[PROBLEM REQUIREMENTS]
Nothing but a verbatim copy of the data, minus the images, should be returned.
(DATA PROVIDED)
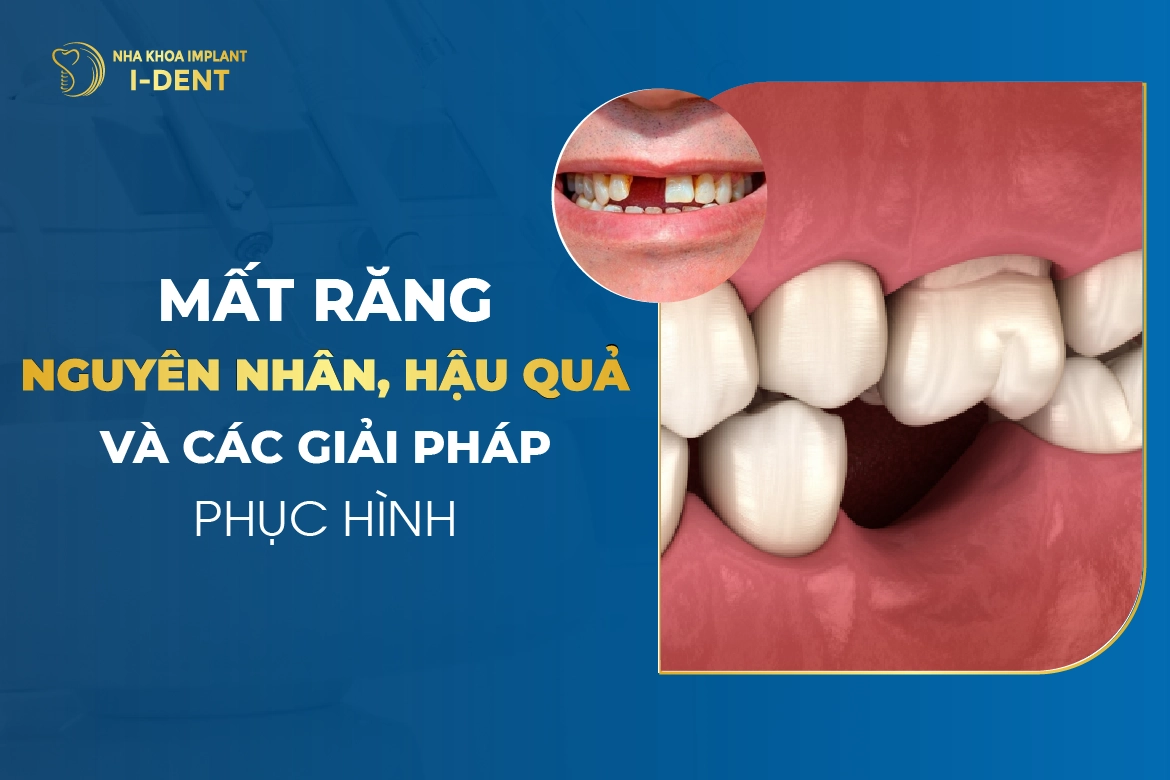 Mất răng: Nguyên nhân, hậu quả và cách khắc phục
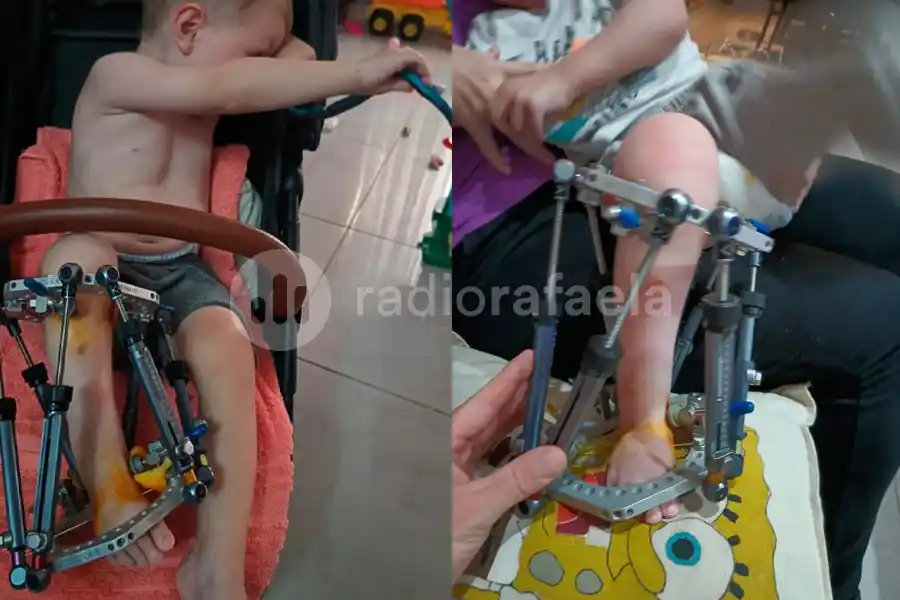 Corte de Iapos: la lucha de una madre para operar a su hijo 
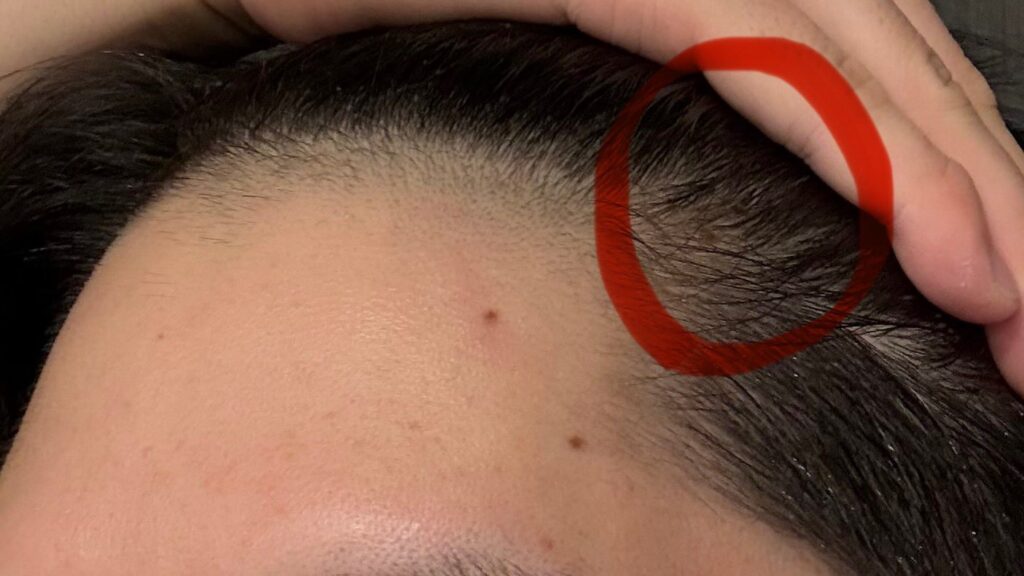 フィナステリド再開1年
(End DATA PROVIDED)
[THE ANSWER]
 Mất răng: Nguyên nhân, hậu quả và cách khắc phục
 Corte de Iapos: la lucha de una madre para operar a su hijo 
 フィナステリド再開1年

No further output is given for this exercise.